[Data in this exercise]
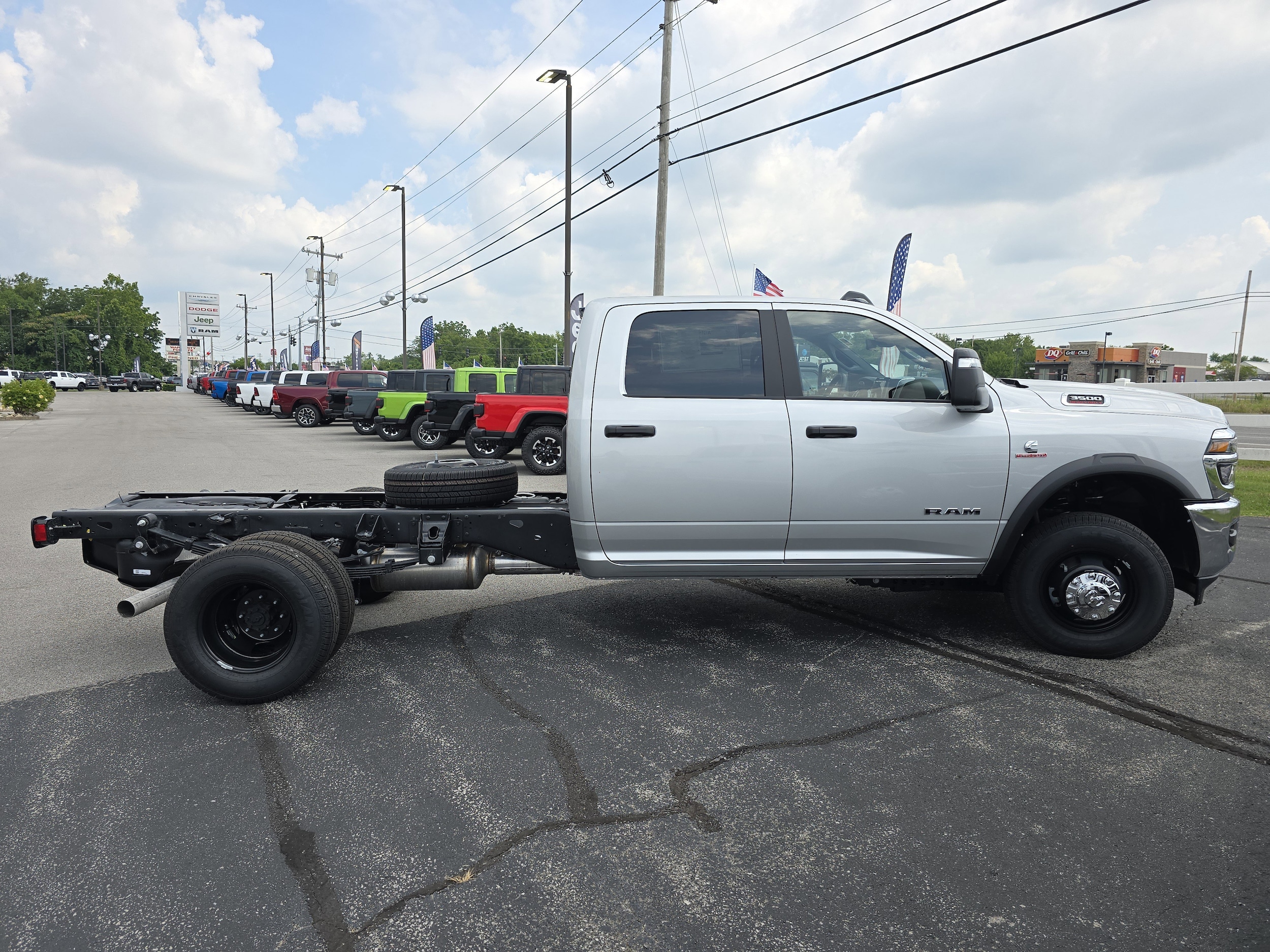 2025 RAM 3500 Chassis Big Horn - Photo 15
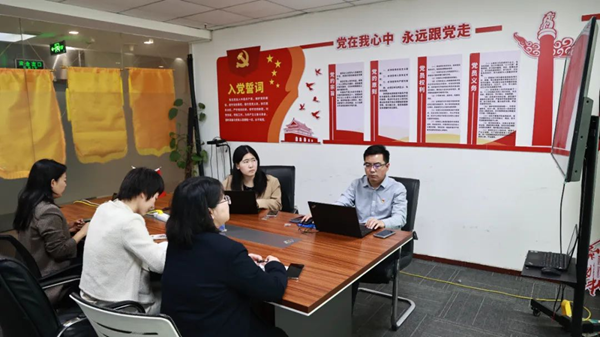 中恒信党建 | 深入贯彻党的二十大精神,中恒信律师事务所开展党员学习“党的二十大报告”党建活动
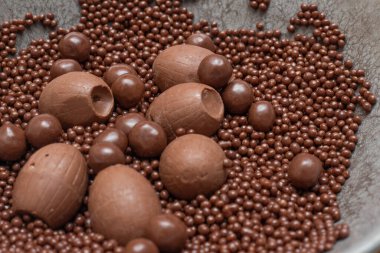 Farklı çikolata topları.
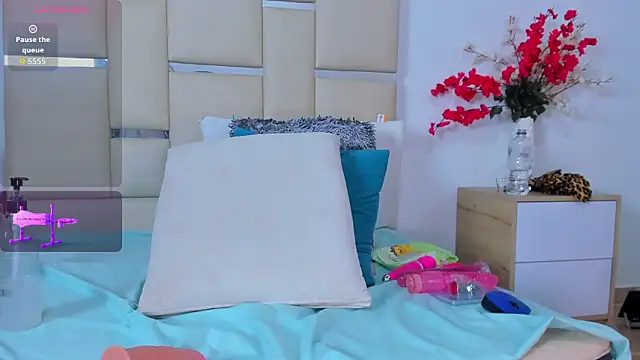 MajoLinares online show from 3, 2, 2026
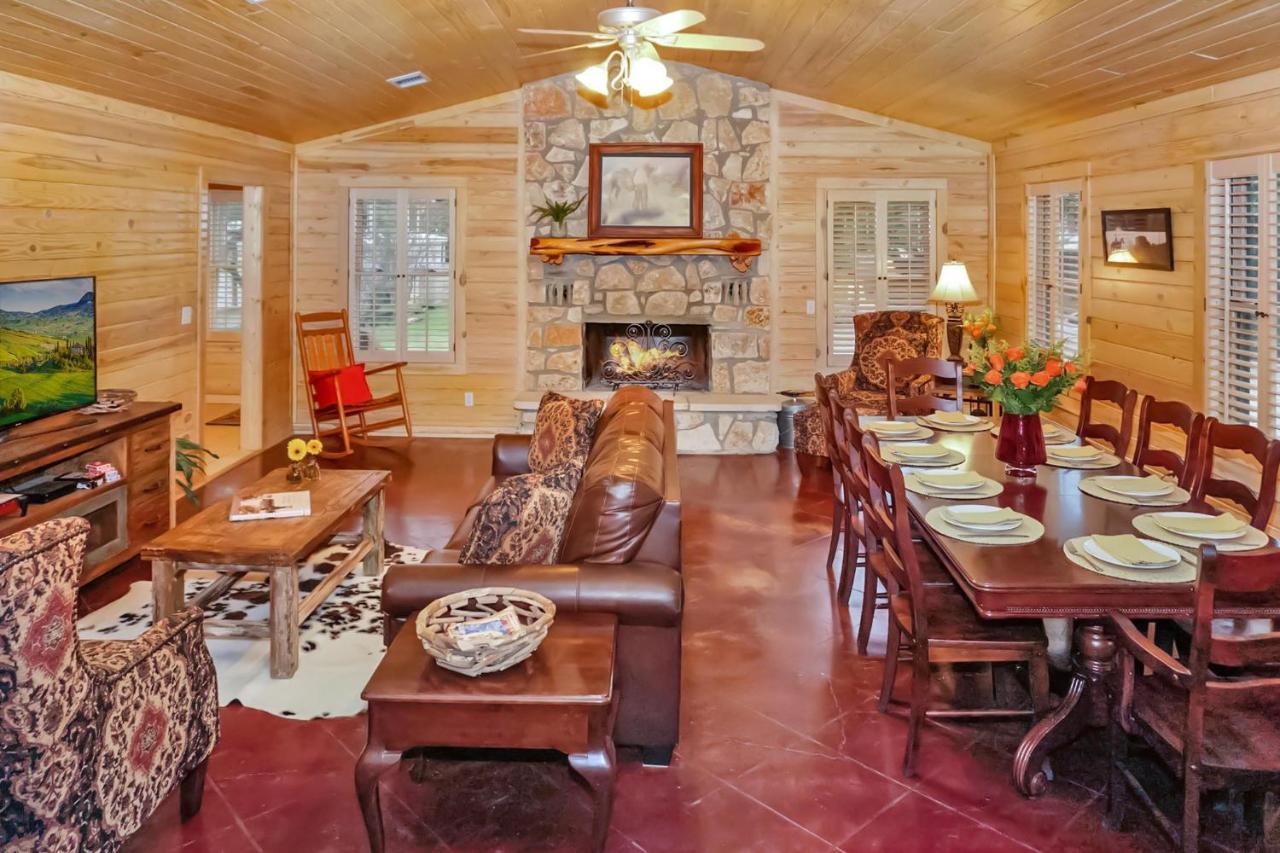 Wimberley Log Cabins Resort And Suites- The Oak Lodge Esterno foto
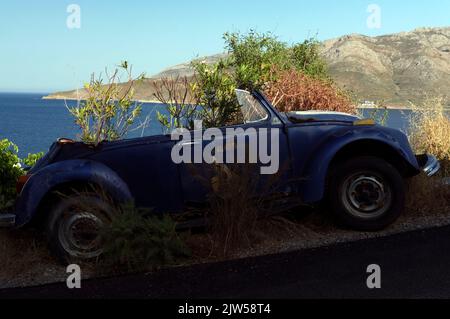 Vieille voiture originale utilisée comme porte-plante décorative près de l'hôtel Ilidi Roack, Livadia, île de Tilos, Dodécanèse, Grèce, UE Banque D'Images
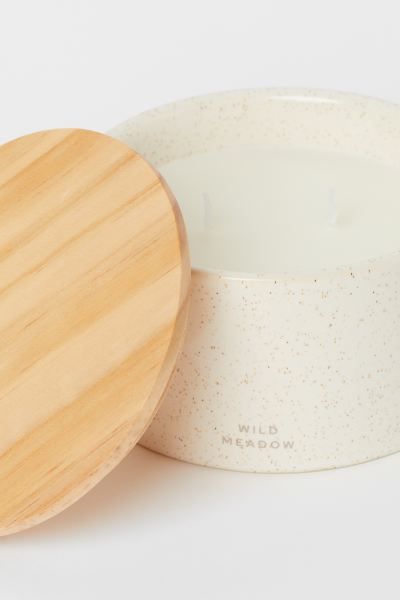 Scented, two-wick candle in a ceramic holder with wooden lid to help preserve fragrance when cand... | H&M (US)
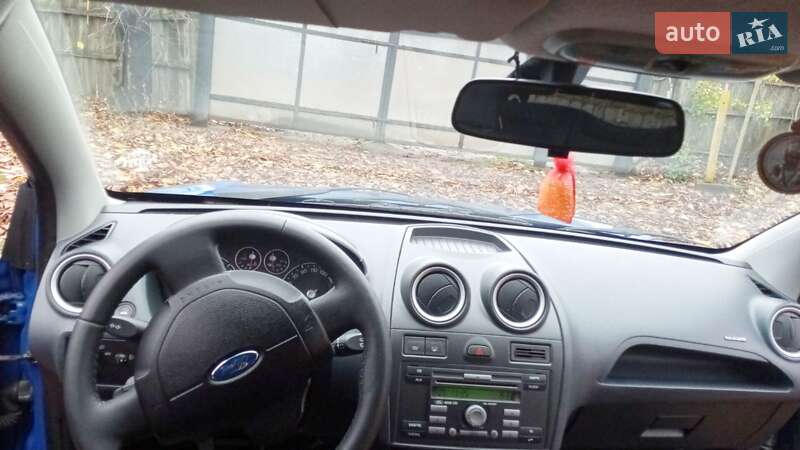 Хетчбек Ford Fiesta 2007 в Зарожанах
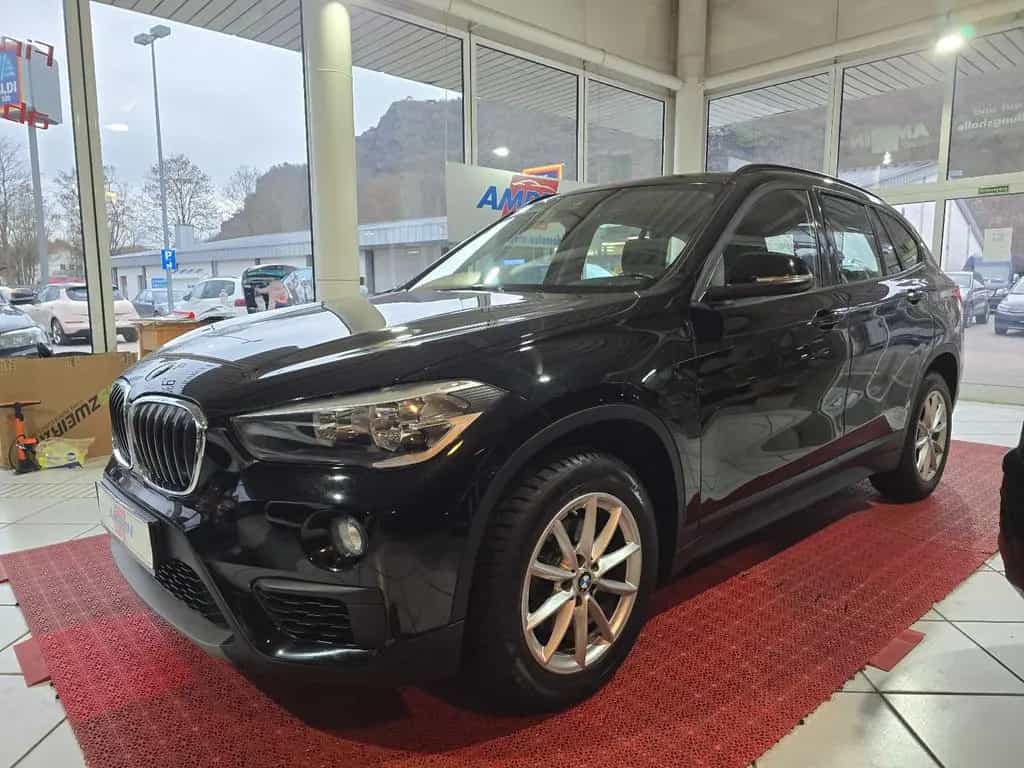 BMW X1 sDrive 18 i+NAVI+KLIMA+SHZ+PDC+TÜV 11/27+ 10/2018-photo-1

[Task to complete]
Take the line that contains "Wimberley Log Cabins" as the first and the last line of the records as the end, and please quote those lines exactly, pictures omitted.

[Reply]
 Wimberley Log Cabins Resort And Suites- The Oak Lodge Esterno foto
 Vieille voiture originale utilisée comme porte-plante décorative près de l'hôtel Ilidi Roack, Livadia, île de Tilos, Dodécanèse, Grèce, UE Banque D'Images
 Scented, two-wick candle in a ceramic holder with wooden lid to help preserve fragrance when cand... | H&M (US)
 Хетчбек Ford Fiesta 2007 в Зарожанах
 BMW X1 sDrive 18 i+NAVI+KLIMA+SHZ+PDC+TÜV 11/27+ 10/2018-photo-1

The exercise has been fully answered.